On a personal level, our current assets would be the cash we have on hand, the fixed deposits with the banks or the shares in our trading account. On the other hand, current liabilities would be the monthly car instalment, house mortgage and insurance. Hence, it is important that we have enough liquidity to meet our monthly payments. Even better, is to have on hand a few months of liquid assets to meet our monthly commitments.

The Current Ratio

The Current Ratio is derived by dividing a company’s current assets over its current liabilities. This is to gauge a company’s ability to pay its short-term (<12 months) dues using its liquid assets.

How to do it?
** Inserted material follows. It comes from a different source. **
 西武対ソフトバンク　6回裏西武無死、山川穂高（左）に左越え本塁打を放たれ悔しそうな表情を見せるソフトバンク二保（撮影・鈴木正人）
Well, there are two simple steps:

  1. Look at the Balance Sheet of a company (available on every Quarterly/ Annual Reports)
  2. Look out for Current Assets and Current Liabilities

As an example, let us pull out the Balance Sheet (also known as Statements of Financial Position) of AEON Credit Services (M) Berhad (AEONCR).

Current Assets of AEONCR is RM 3.694 million, and Current Liabilities is RM 3.028 million.

By dividing Current Assets against the Current Liabilities, we get a value of 1.22. A value greater than “1” means that the company is showing signs of good liquidity management. This means the company has more than enough liquidity to pay off its debts and obligations.

How Important Is The Current Ratio?

Amid the global COVID-19 outbreak, we have heard or seen many businesses going under due to liquidity issues. Most notably, the airline industry is one of the most affected. Due to air travel practically stopped for the past 2-3 months, airline companies like Virgin Australia to have gone bust.

Bankrupt Insolvent Bankruptcy - Free photo on Pixabay

A quick search on airline companies from different countries shows similar trends. Explicitly, the current ratio for these companies is at a low 0.50. This means, even by turning all its current assets into cash, the company can only pay off half of its obligations. Hence, it is definitely a precarious situation to be when a company has not enough cash to stay afloat.

MyKayaPlus Verdict

So, the next time you start looking into a company to invest, always consider it’s liquidity as well. The last thing an investor wants is a company you invest in to go bust during the next crisis (touch wood!).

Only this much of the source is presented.